Natürlich hatte er gewusst, dass sein Vater und seine Mutter auch deshalb von Marius angetan waren, weil sie Jakob nun in einer monogamen und eheähnlichen Beziehung vermuteten.
„Ich bin erleichtert“, hatte ihm seine Mutter gestanden, bevor sie die Kaffeekanne ins Wohnzimmer trug.
„Erleichtert? Wieso?“
„Du weißt schon … jetzt müssen wir uns keine Sorgen mehr machen. Wegen dieser Krankheit.“
Und Jakob hatte sie in dem Glauben gelassen. Bis jetzt.
„Marius hat Aids“, sagte er und starrte auf die Handtasche seiner Mutter, die neben dem Sofa lag. „Wir sind beide positiv. Schon seit fast drei Jahren.“ Es gab keine Möglichkeit, die Wahrheit schonend zu verpacken. Er war nicht mehr in der Lage, etwas zu beschönigen.
„Aids?“, brachte seine Mutter stockend heraus. „Aber … wir dachten …“ Unwillkürlich flog ihre Hand vor den Mund. „Er wird sterben!“
Ihre Worte trafen Jakob wie ein Schwall eiskalten Wassers, ohne Vorwarnung, ohne Erbarmen. Sie klangen wie ein Richterspruch.

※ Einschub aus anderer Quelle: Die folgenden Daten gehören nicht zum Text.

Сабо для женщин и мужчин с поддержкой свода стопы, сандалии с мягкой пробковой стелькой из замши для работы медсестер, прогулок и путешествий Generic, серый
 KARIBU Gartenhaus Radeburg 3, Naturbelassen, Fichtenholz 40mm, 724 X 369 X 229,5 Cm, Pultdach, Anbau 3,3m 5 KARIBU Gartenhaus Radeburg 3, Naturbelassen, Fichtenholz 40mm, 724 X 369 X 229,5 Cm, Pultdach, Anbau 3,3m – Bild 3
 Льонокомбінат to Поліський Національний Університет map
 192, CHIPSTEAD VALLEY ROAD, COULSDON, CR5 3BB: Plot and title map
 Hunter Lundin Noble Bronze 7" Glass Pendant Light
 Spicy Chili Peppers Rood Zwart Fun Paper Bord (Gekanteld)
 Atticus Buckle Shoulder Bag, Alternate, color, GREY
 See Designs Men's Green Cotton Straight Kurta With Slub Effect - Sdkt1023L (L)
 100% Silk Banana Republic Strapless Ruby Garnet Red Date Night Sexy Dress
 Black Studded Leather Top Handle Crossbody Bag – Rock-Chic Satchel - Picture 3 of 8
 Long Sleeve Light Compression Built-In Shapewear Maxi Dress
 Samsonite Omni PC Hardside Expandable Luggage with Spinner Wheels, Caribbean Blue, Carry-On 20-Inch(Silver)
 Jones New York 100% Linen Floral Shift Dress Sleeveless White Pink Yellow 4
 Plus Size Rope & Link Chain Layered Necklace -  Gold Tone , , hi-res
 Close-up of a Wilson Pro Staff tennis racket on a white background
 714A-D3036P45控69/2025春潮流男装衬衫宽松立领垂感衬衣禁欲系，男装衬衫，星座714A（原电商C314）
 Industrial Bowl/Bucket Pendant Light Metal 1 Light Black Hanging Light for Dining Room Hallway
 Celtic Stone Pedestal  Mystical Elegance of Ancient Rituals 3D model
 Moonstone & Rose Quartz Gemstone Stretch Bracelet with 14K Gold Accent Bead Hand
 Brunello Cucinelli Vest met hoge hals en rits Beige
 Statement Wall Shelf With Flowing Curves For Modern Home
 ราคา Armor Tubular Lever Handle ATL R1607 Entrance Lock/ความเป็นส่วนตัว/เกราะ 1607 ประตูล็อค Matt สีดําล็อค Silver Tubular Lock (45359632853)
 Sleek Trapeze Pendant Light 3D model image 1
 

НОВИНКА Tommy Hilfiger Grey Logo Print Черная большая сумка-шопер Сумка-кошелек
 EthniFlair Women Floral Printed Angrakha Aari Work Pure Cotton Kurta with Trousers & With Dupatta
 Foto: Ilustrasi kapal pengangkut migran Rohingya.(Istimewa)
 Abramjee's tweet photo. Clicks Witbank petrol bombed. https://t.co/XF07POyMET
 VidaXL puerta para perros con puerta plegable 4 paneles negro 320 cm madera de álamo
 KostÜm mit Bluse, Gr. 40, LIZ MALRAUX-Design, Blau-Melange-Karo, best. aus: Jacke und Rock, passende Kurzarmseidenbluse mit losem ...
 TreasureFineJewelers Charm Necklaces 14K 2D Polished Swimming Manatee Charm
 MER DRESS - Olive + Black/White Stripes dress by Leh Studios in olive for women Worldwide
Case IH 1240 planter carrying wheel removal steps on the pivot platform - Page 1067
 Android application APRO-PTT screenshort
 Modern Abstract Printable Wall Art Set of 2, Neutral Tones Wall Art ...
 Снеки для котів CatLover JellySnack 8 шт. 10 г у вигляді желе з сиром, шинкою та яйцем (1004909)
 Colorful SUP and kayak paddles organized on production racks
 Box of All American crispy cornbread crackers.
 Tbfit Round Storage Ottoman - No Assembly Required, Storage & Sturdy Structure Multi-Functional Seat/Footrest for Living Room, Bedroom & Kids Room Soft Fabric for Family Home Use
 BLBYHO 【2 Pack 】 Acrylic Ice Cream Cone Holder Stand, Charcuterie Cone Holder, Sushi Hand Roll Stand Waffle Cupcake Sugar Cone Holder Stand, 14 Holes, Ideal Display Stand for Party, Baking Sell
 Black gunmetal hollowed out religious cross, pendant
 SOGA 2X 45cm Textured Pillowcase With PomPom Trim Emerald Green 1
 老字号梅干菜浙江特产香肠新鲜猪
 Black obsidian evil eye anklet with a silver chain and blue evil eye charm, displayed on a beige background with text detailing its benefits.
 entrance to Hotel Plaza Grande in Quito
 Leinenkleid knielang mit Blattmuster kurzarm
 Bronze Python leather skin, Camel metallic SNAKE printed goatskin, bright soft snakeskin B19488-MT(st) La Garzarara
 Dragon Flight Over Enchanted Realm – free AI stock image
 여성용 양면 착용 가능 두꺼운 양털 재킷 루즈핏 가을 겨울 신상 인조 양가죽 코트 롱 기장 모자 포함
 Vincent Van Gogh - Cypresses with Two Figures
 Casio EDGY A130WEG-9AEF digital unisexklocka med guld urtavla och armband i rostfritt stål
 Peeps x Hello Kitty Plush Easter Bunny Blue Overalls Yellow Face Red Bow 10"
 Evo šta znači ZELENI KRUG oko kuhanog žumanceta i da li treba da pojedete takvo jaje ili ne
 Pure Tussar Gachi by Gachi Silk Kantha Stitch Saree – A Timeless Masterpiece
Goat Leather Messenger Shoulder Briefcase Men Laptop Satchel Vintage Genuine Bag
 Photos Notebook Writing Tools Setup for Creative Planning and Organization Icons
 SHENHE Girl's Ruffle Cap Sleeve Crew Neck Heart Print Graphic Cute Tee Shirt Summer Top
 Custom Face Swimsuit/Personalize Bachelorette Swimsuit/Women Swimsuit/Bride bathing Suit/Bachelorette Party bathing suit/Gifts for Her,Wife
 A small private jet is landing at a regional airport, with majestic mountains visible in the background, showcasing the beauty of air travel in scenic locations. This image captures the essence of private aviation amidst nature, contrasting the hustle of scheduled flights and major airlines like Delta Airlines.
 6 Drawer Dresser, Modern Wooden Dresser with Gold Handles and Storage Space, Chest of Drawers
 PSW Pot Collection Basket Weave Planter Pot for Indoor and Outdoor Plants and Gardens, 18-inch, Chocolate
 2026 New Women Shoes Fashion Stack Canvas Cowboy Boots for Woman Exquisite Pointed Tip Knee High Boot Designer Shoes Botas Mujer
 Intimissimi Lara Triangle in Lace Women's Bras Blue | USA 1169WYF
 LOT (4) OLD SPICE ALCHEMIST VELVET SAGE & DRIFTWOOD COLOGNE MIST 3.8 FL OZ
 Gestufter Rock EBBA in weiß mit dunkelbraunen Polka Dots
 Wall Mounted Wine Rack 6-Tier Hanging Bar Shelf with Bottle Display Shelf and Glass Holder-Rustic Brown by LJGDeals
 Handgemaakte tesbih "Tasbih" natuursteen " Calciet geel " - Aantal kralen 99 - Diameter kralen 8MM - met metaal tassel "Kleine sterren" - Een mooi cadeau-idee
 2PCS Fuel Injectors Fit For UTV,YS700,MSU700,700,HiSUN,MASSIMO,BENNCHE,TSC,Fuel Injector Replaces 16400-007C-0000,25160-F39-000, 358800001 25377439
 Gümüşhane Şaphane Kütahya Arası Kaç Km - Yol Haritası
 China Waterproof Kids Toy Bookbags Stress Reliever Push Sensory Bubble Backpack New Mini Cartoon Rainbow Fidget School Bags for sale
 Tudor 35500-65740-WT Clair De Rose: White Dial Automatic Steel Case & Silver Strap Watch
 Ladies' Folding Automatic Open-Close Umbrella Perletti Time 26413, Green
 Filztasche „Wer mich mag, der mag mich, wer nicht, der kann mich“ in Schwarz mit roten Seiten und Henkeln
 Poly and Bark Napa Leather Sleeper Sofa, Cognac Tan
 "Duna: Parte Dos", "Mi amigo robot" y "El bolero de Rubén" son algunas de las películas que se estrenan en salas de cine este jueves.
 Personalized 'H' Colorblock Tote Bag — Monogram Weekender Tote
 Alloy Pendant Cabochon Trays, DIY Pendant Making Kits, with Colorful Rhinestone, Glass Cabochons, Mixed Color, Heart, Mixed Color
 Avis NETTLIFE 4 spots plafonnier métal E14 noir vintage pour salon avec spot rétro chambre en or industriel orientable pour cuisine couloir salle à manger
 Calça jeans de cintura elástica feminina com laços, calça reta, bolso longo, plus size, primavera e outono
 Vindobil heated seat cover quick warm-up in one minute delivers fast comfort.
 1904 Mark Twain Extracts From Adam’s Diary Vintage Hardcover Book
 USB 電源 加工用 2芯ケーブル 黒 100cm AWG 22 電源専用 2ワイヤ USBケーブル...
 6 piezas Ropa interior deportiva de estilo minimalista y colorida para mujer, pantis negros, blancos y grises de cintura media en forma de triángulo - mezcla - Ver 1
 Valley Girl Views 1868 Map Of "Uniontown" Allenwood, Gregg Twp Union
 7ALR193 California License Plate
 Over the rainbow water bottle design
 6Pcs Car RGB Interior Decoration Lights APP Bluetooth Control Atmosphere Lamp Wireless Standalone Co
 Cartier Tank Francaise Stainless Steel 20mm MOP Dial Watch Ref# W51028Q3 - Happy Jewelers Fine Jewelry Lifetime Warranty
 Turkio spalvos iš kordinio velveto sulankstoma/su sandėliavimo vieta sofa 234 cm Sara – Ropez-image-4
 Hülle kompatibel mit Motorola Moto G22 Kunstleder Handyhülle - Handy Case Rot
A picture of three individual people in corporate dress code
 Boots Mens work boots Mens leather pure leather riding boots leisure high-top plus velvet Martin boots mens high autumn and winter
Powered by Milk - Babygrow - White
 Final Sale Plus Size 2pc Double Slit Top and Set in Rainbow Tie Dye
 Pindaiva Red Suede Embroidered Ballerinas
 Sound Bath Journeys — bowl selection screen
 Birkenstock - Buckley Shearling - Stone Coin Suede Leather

„Das wird er nicht!“, fuhr er sie an. Unmöglich, etwas gegen die Tränen zu tun, die plötzlich über seine Wangen rannen, Tränen der Wut und Enttäuschung. Wie hatte er auf Verständnis hoffen können, auf Unterstützung? Er konnte seinen Eltern nicht noch einmal Zeit gewähren, Zeit zu verstehen. „Marius wird nicht sterben! Er kann nicht … sterben!“ Seine Mutter streckte die Hand nach ihm aus, eine hilflose, um Verzeihung bittende Geste, aber Jakob sprang auf und rannte zur Tür. „Wenn das alles ist, was ihr sagen könnt, dann ist es besser, wenn ihr geht.“
Am Abend, als er wieder im Krankenhaus war, legte er sich auf die Pritsche, die ihm jemand bereitgestellt hatte, und starrte in den Nachthimmel, der sich dunkel und sternenklar im Fenster breitmachte. Marius hatte gedöst, als er eintraf, jetzt nestelte er unruhig an der Bettdecke. Seine Hand suchte Jakobs Schulter.